Un attacco a cui è lo stesso Mazziotti, presidente della commissione Affari costituzionali di Montecitorio, a rispondere per le rime: «Responso inoppugnabile? Evidentemente Rabino ha scambiato il partito per il Politburo dell’ex Unione sovietica — ironizza —. E ce ne siamo accorti: in occasione dell’ultima direzione sono state violate le più elementari regole della democrazia prima che dello Statuto. Ma in Italia tutte le delibere sono impugnabili».
Fatto sta che, forte del mandato ottenuto dalla direzione (ma che i dissidenti considerano illegittimo), il segretario di Sc Zanetti, insieme allo stesso Rabino e agli altri fedelissimi Giulio Cesare Sottanelli, Angelo Antonio D’Agostino e Valentina Vezzali (aggiuntasi in corsa), ha suggellato l’intesa parlamentare con il plotone dei verdiniani a Montecitorio (Abrignani, D’Alessandro, Faenzi, Galati, Lainati, Mottola, Parisi e Romano), due eletti all’estero del Maie (Ricardo Antonio Merlo e Mario Borghese) e il tosiano Marco Marcolin.
Depositando la documentazione e chiedendo la deroga per la costituzione del nuovo gruppo parlamentare “Scelta civica verso Cittadini per l’Italia-Maie”.
La cui nascita, dipenderà a questo punto dalla decisione, che dovrebbe arrivare a settembre, dell’Ufficio di presidenza della Camera di concedere o meno la deroga richiesta, necessaria come in questo caso quando la domanda arriva da un numero di deputati inferiore a 20.

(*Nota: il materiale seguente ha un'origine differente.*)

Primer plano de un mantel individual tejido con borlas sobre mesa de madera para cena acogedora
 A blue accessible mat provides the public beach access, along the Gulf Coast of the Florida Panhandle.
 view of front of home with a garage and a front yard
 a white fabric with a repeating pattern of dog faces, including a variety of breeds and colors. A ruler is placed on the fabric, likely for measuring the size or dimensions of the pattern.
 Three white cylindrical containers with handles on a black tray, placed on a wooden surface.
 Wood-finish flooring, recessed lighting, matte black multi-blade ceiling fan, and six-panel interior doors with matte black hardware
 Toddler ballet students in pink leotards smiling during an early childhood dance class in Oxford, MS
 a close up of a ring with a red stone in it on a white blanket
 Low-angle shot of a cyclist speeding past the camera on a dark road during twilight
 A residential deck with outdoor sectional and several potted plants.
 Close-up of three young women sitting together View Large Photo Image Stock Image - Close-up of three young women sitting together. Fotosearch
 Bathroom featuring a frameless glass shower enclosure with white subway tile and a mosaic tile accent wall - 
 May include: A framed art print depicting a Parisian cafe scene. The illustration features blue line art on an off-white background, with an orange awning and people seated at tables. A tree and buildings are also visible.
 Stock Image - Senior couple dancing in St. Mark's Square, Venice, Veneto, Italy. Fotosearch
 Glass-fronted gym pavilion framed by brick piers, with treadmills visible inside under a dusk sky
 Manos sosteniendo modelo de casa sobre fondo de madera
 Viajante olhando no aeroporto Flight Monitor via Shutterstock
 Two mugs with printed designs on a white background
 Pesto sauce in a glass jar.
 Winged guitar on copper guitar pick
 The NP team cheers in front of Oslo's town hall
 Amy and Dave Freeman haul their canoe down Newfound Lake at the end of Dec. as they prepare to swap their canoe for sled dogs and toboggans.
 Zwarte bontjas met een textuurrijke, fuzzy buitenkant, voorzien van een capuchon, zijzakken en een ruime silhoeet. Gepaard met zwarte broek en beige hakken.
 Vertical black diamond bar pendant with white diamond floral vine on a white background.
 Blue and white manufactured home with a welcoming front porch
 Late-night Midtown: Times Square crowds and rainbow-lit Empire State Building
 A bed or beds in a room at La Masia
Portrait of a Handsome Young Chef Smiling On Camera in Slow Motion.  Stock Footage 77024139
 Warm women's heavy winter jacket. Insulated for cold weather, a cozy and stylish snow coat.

Un caso inedito, fanno osservare gli ex compagni di Zanetti in rotta con il segretario. E una situazione complicata con la quale l’organo di vertice di Montecitorio dovrà fare i conti.
Da una parte il gruppo storico formato esclusivamente da eletti nelle liste di Scelta civica dall’altra un gruppo in cui i rappresentanti della stessa Sc sono in netta minoranza (5 su 16), in lite per la titolarità del nome e del simbolo del partito che sembrano ormai destinati a diventare oggetto di una controversia giudiziaria. «Ovviamente non possiamo sapere cosa deciderà l’Ufficio di presidenza, ma se desse il via libera alla nascita del nuovo gruppo si creerebbe un precedente pericoloso — ragiona un esponente del gruppo storico di Sc che preferisce rimanere anonimo —. Perchè si rischierebbe, di fatto, di spostare le decisioni sui gruppi parlamentari dalla presidenza della Camera alle direzioni di partito».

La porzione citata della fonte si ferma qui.